-- STORED DATA follows --

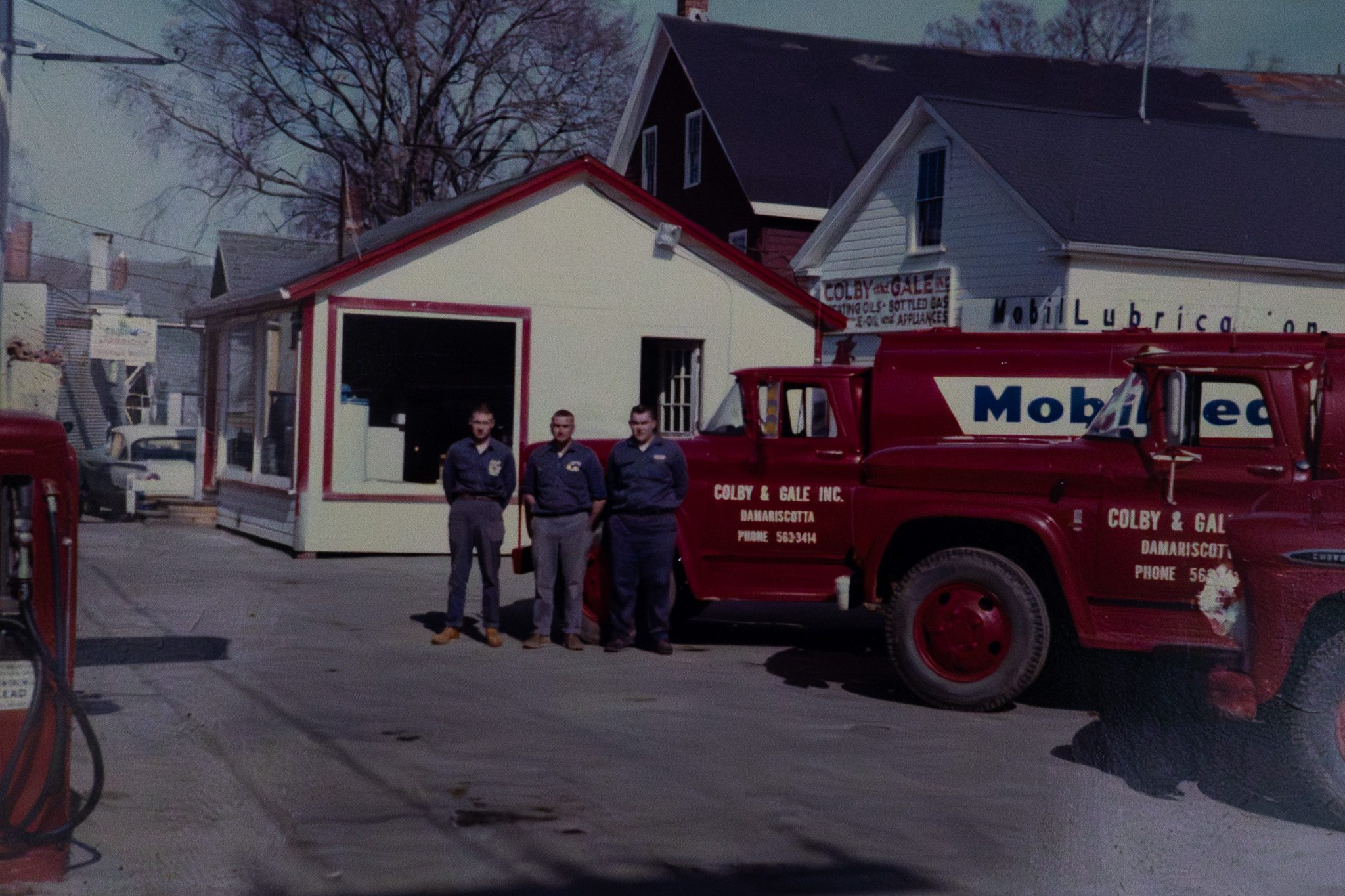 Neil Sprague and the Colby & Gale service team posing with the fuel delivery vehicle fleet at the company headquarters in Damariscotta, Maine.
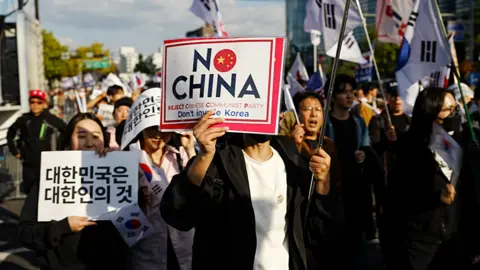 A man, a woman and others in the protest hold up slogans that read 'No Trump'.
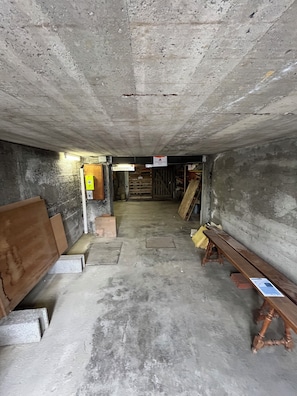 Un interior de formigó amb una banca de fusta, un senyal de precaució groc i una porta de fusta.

-- STORED DATA concluded --

Repeat the listing in full and exactly. Do not include any images.

 Neil Sprague and the Colby & Gale service team posing with the fuel delivery vehicle fleet at the company headquarters in Damariscotta, Maine.
 A man, a woman and others in the protest hold up slogans that read 'No Trump'.
 Un interior de formigó amb una banca de fusta, un senyal de precaució groc i una porta de fusta.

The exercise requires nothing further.